◆ Task to carry out
What follows is a set of records. Copy them exactly and leave out the images.

Short descriptive text snippets:
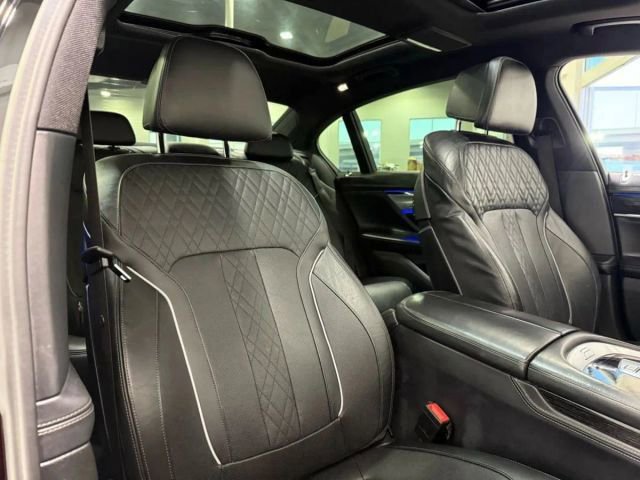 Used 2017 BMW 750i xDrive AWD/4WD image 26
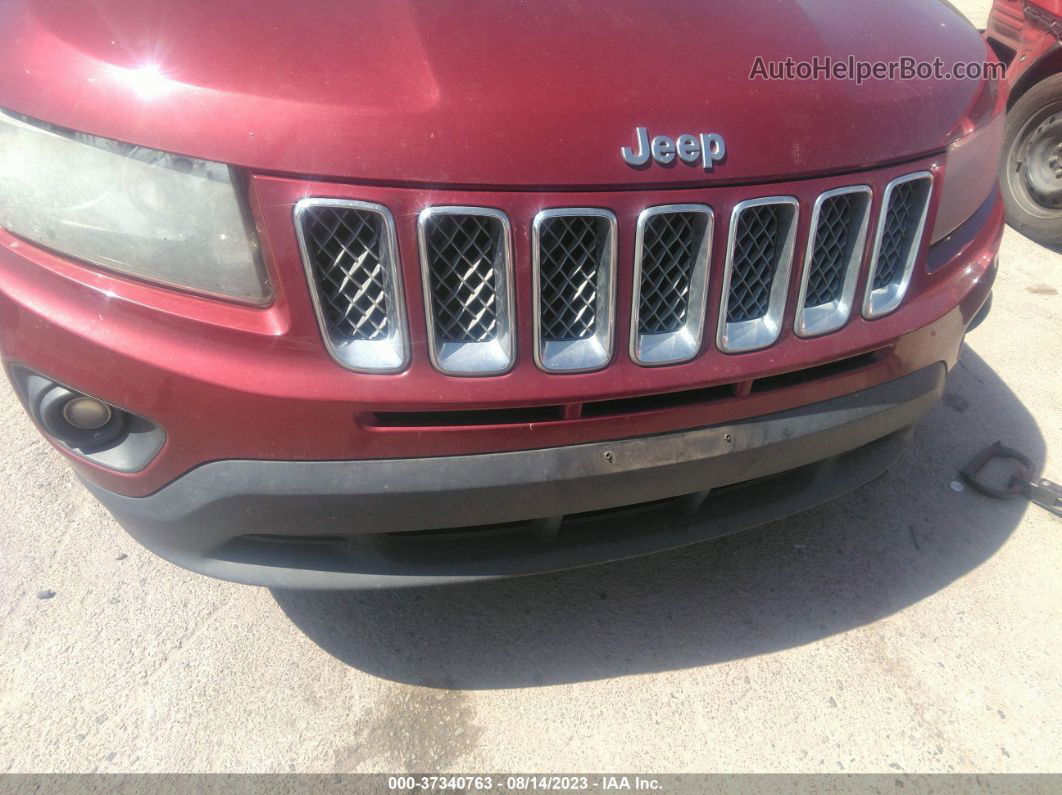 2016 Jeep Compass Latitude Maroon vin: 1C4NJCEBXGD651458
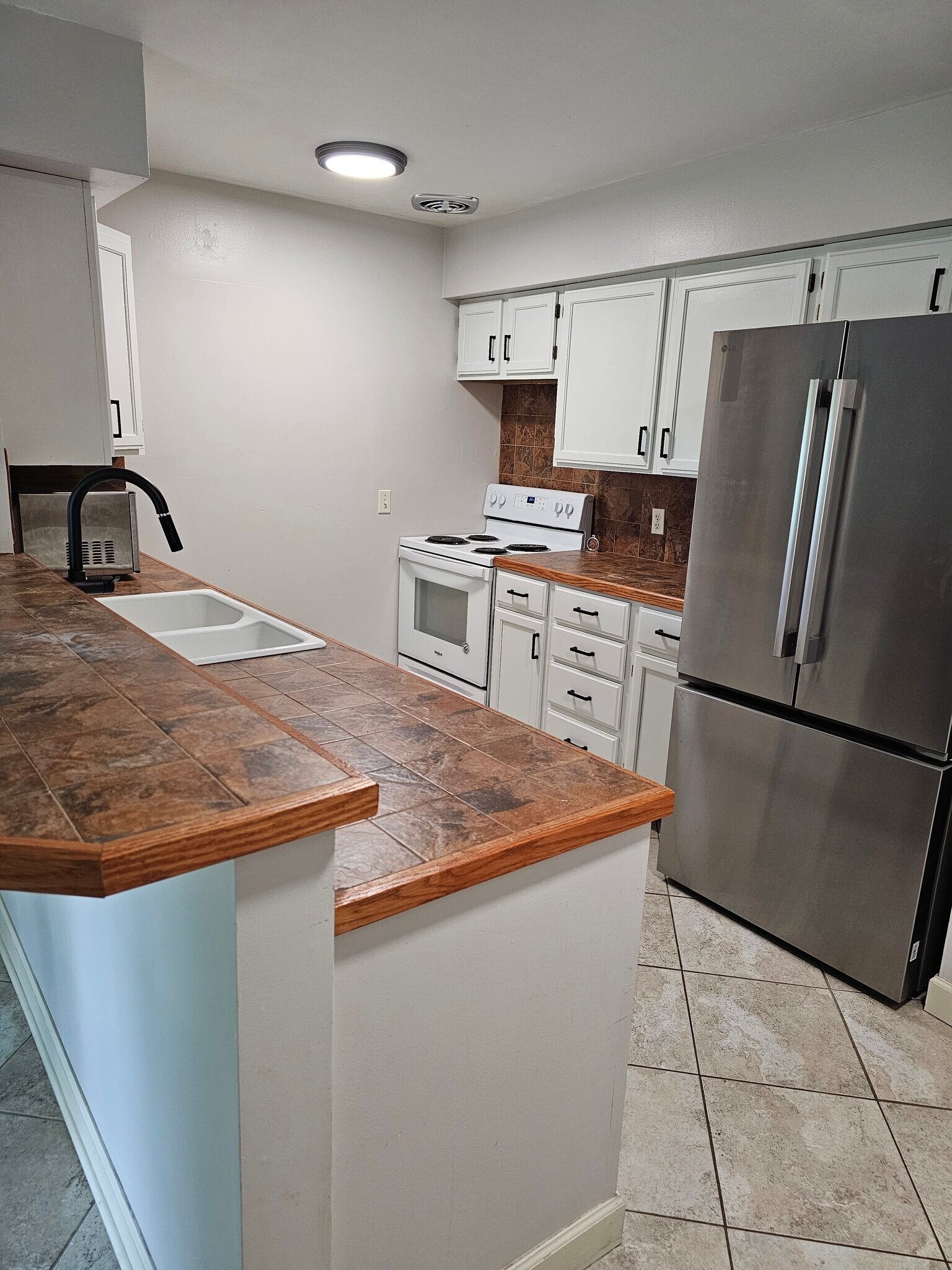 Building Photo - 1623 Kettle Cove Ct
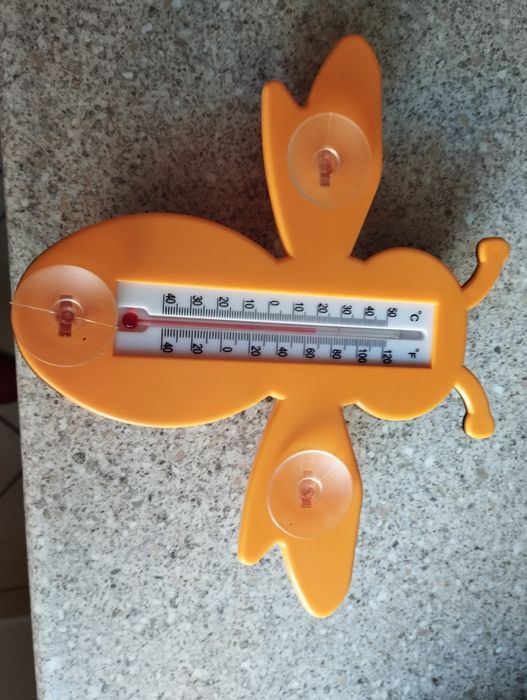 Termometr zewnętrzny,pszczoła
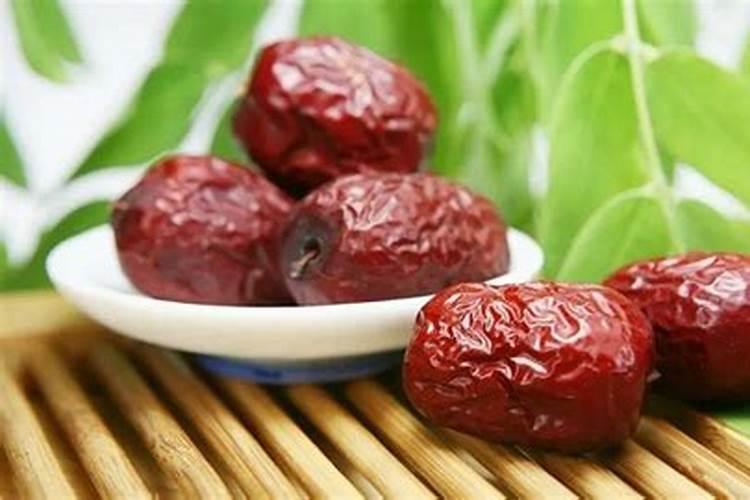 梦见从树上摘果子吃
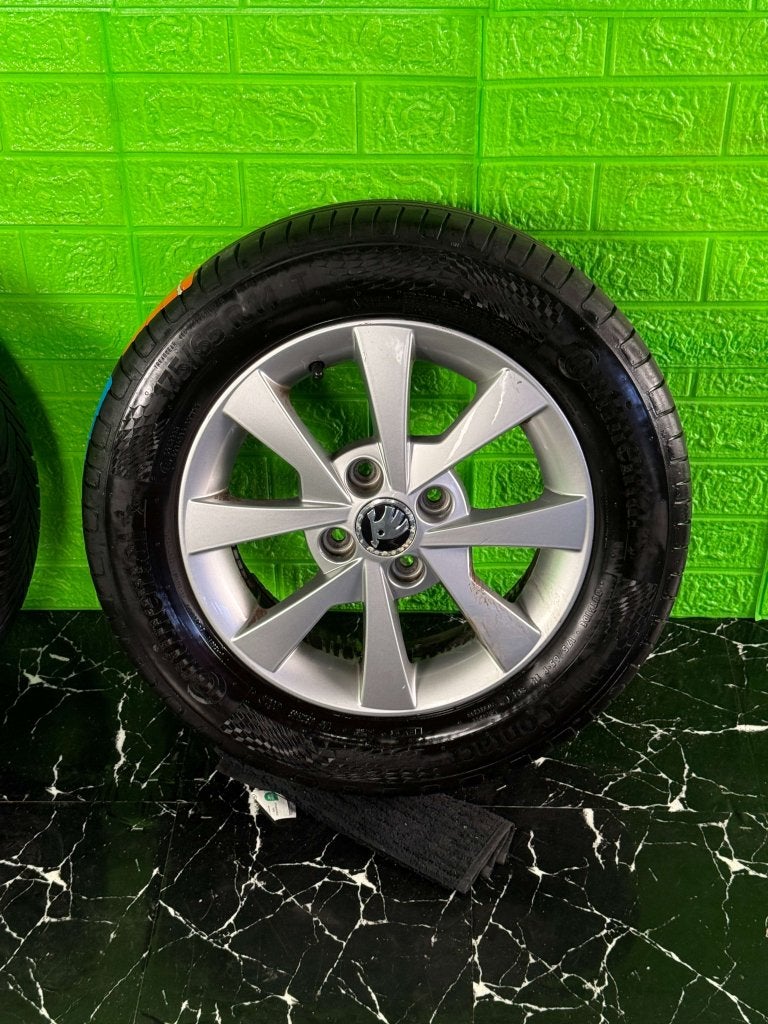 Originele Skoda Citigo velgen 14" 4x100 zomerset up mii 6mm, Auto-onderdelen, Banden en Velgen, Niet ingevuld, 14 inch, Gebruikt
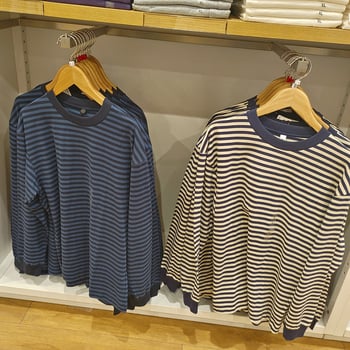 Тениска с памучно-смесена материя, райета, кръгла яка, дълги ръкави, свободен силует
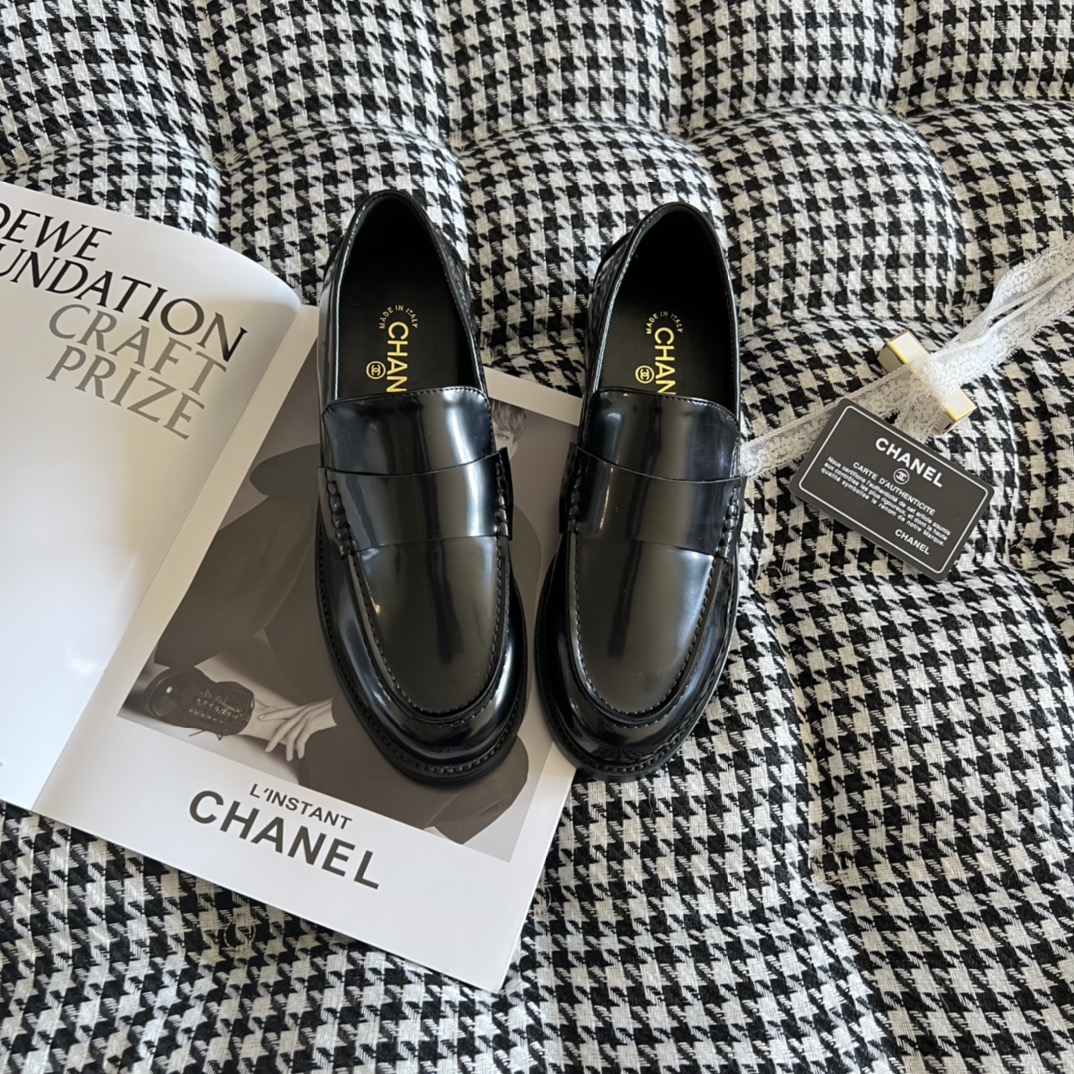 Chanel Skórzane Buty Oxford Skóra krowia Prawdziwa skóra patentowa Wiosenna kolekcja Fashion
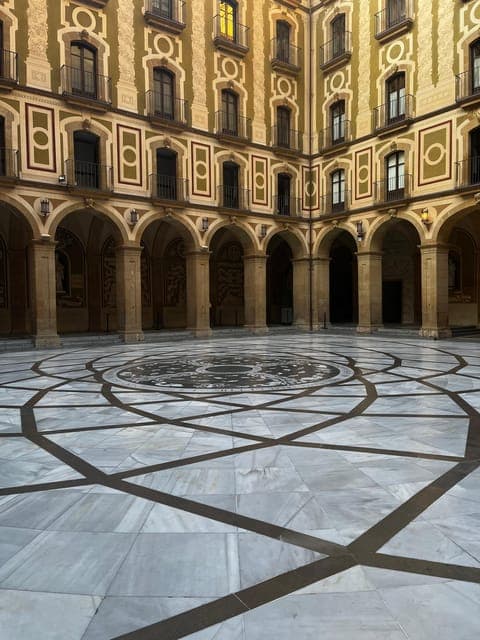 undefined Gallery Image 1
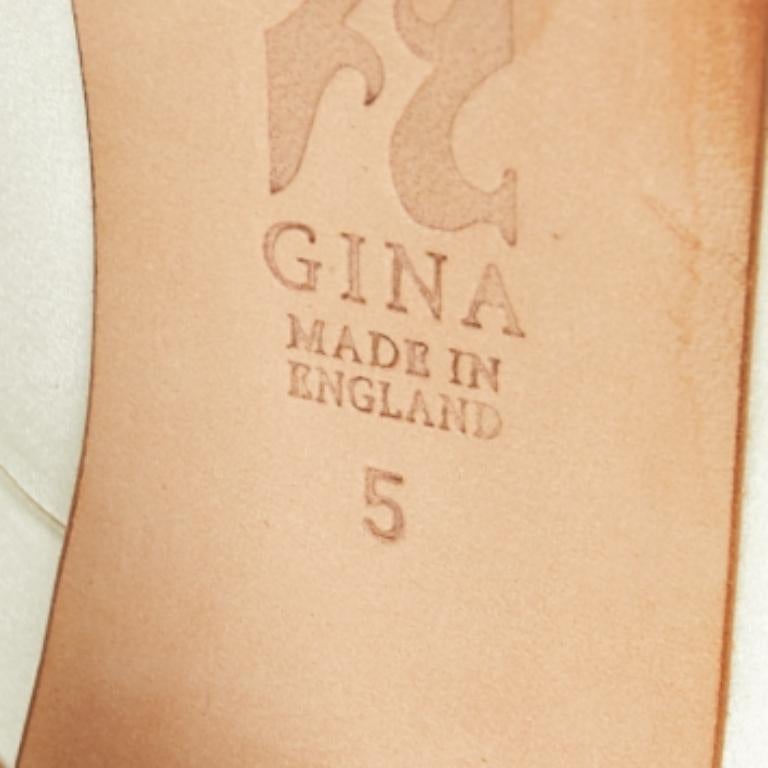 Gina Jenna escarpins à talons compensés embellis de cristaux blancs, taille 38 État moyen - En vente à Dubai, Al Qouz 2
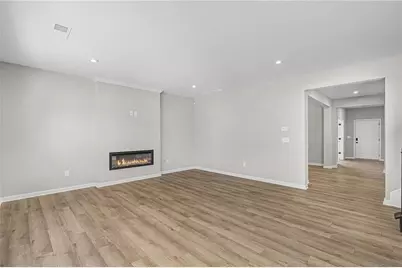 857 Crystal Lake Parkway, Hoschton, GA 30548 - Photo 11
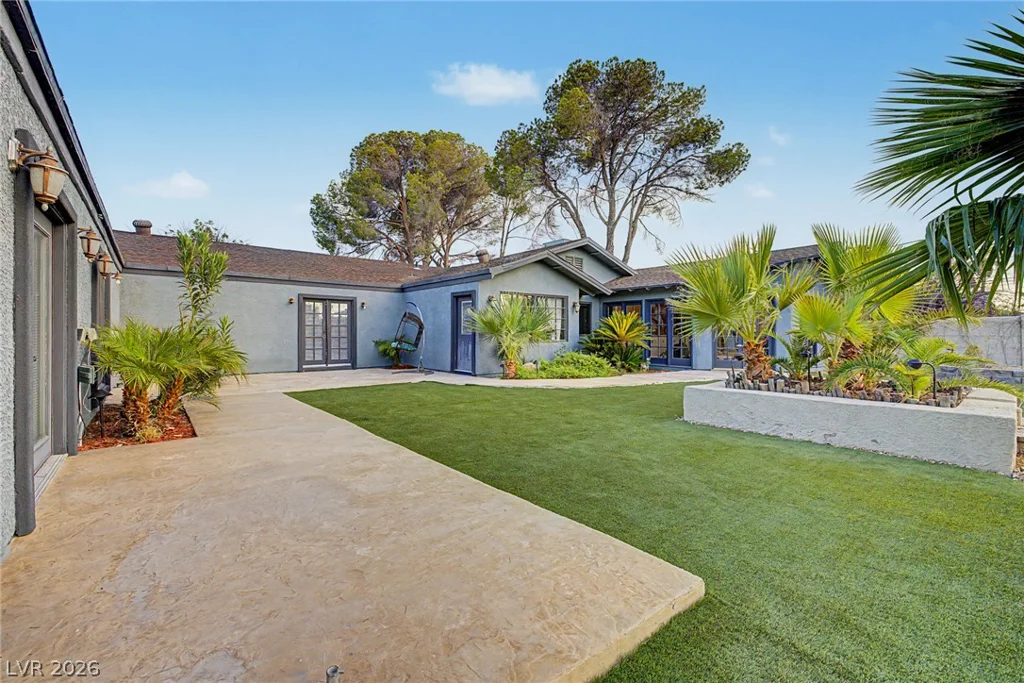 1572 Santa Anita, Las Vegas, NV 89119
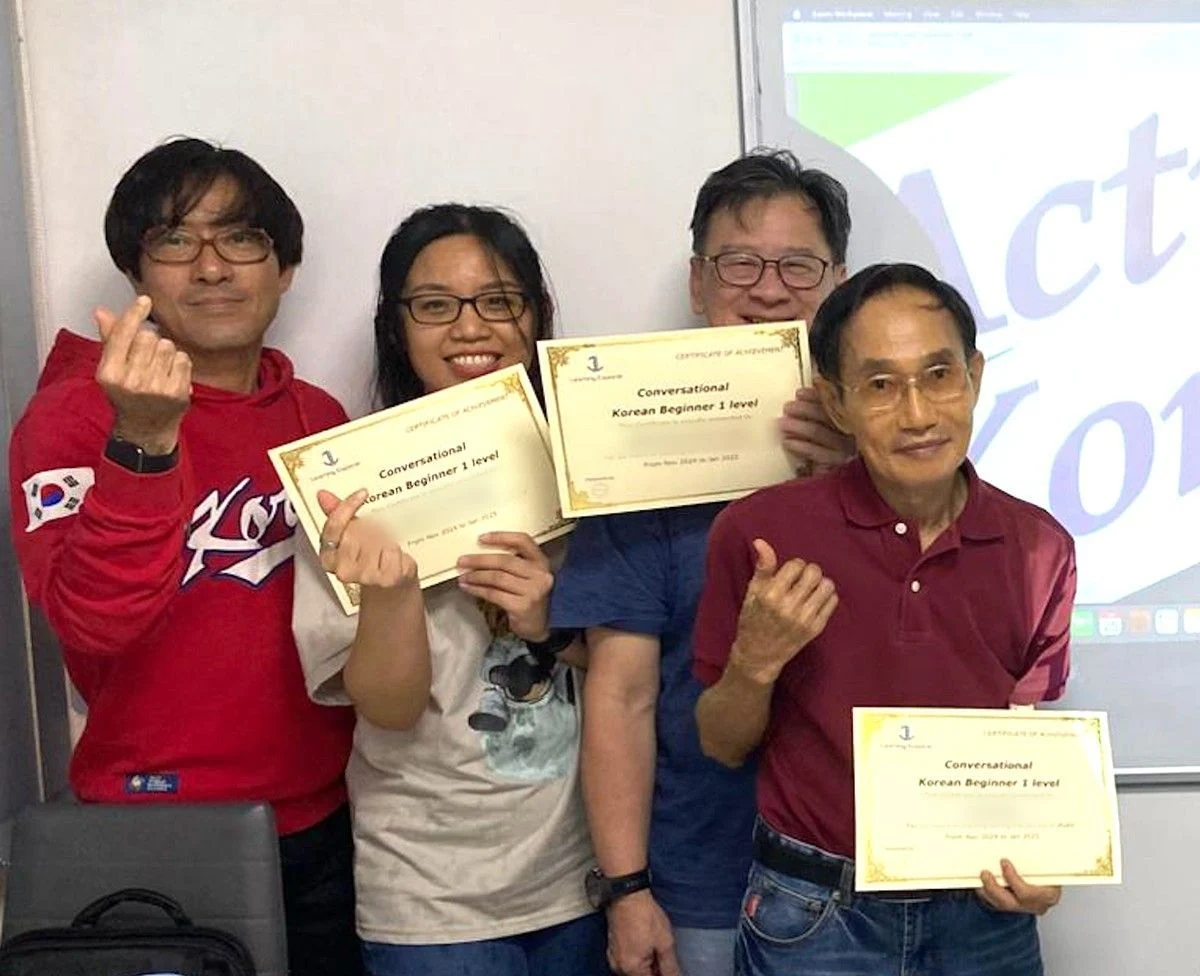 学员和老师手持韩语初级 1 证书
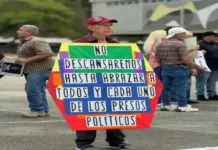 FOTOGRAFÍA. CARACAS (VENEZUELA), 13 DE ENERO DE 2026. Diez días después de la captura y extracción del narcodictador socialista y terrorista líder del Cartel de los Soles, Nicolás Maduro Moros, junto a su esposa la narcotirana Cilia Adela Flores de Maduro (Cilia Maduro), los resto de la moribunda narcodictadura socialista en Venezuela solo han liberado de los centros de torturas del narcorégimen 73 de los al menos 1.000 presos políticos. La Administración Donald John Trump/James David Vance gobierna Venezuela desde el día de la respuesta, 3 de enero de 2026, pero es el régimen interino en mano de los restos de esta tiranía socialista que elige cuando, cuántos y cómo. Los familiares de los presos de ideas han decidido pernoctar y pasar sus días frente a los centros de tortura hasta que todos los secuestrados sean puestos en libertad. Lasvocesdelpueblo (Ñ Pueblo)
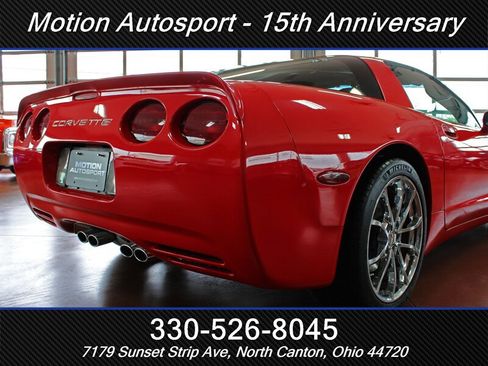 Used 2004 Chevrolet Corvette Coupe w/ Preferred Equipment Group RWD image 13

◆ Answer section
 Used 2017 BMW 750i xDrive AWD/4WD image 26
 2016 Jeep Compass Latitude Maroon vin: 1C4NJCEBXGD651458
 Building Photo - 1623 Kettle Cove Ct
 Termometr zewnętrzny,pszczoła
 梦见从树上摘果子吃
 Originele Skoda Citigo velgen 14" 4x100 zomerset up mii 6mm, Auto-onderdelen, Banden en Velgen, Niet ingevuld, 14 inch, Gebruikt
 Тениска с памучно-смесена материя, райета, кръгла яка, дълги ръкави, свободен силует
 Chanel Skórzane Buty Oxford Skóra krowia Prawdziwa skóra patentowa Wiosenna kolekcja Fashion
 undefined Gallery Image 1
 Gina Jenna escarpins à talons compensés embellis de cristaux blancs, taille 38 État moyen - En vente à Dubai, Al Qouz 2
 857 Crystal Lake Parkway, Hoschton, GA 30548 - Photo 11
 1572 Santa Anita, Las Vegas, NV 89119
 学员和老师手持韩语初级 1 证书
 FOTOGRAFÍA. CARACAS (VENEZUELA), 13 DE ENERO DE 2026. Diez días después de la captura y extracción del narcodictador socialista y terrorista líder del Cartel de los Soles, Nicolás Maduro Moros, junto a su esposa la narcotirana Cilia Adela Flores de Maduro (Cilia Maduro), los resto de la moribunda narcodictadura socialista en Venezuela solo han liberado de los centros de torturas del narcorégimen 73 de los al menos 1.000 presos políticos. La Administración Donald John Trump/James David Vance gobierna Venezuela desde el día de la respuesta, 3 de enero de 2026, pero es el régimen interino en mano de los restos de esta tiranía socialista que elige cuando, cuántos y cómo. Los familiares de los presos de ideas han decidido pernoctar y pasar sus días frente a los centros de tortura hasta que todos los secuestrados sean puestos en libertad. Lasvocesdelpueblo (Ñ Pueblo)
 Used 2004 Chevrolet Corvette Coupe w/ Preferred Equipment Group RWD image 13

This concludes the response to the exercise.